◆ Excerpted data ◆

<<<<

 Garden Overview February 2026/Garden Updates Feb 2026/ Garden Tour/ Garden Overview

>>>>
<<<<

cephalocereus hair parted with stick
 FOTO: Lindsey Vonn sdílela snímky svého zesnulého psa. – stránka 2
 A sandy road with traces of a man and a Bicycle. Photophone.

>>>>

◆ What to do ◆
Wherever the string "with" occurs in the entries, copy that whole line.

◆ Answer to this exercise ◆
cephalocereus hair parted with stick
 A sandy road with traces of a man and a Bicycle. Photophone.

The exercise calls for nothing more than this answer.